PROBLEM TO WORK ON
Without copying any picture, transcribe exactly the lines of the data below from the one containing "Terasa 9 m2" through the one containing "The Crash Pad - An Uncommon Hostel".

DATA FOR ANALYSIS
═══
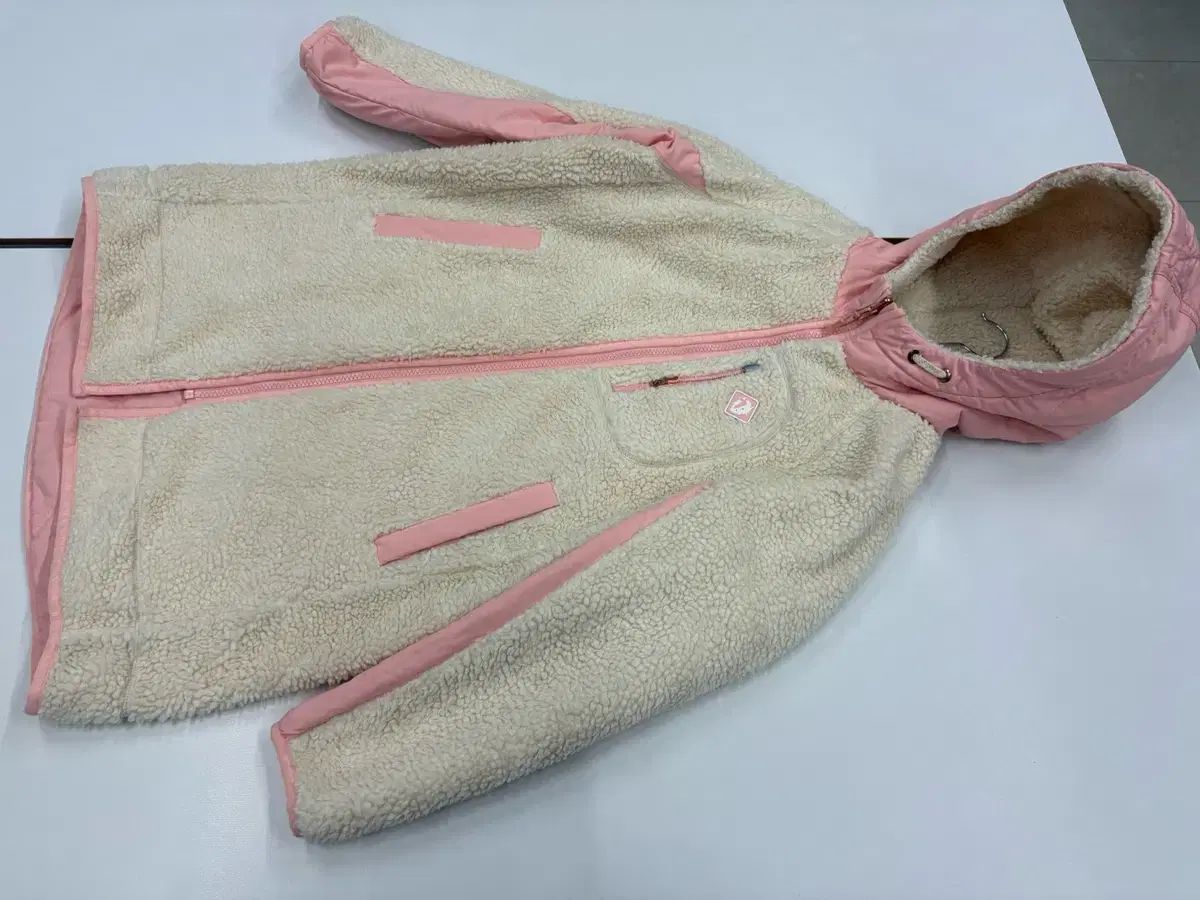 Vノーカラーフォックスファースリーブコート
═══
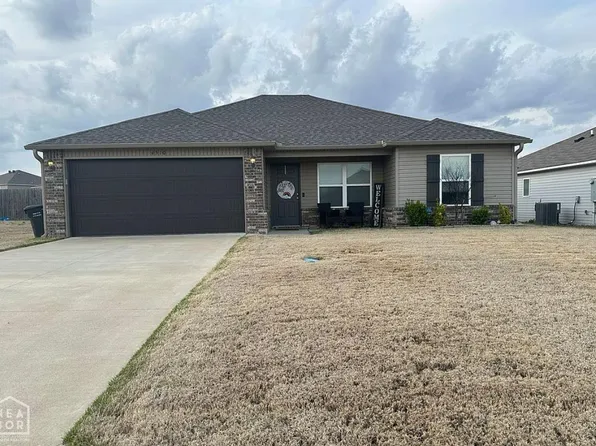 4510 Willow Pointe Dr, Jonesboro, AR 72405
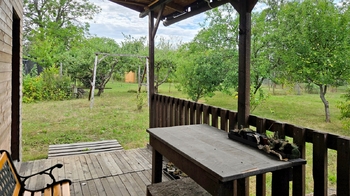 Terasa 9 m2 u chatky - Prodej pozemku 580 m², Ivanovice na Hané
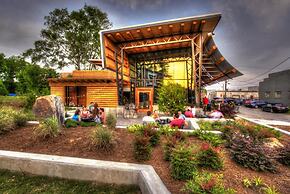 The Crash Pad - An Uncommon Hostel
═══
REPLY
 Terasa 9 m2 u chatky - Prodej pozemku 580 m², Ivanovice na Hané
 The Crash Pad - An Uncommon Hostel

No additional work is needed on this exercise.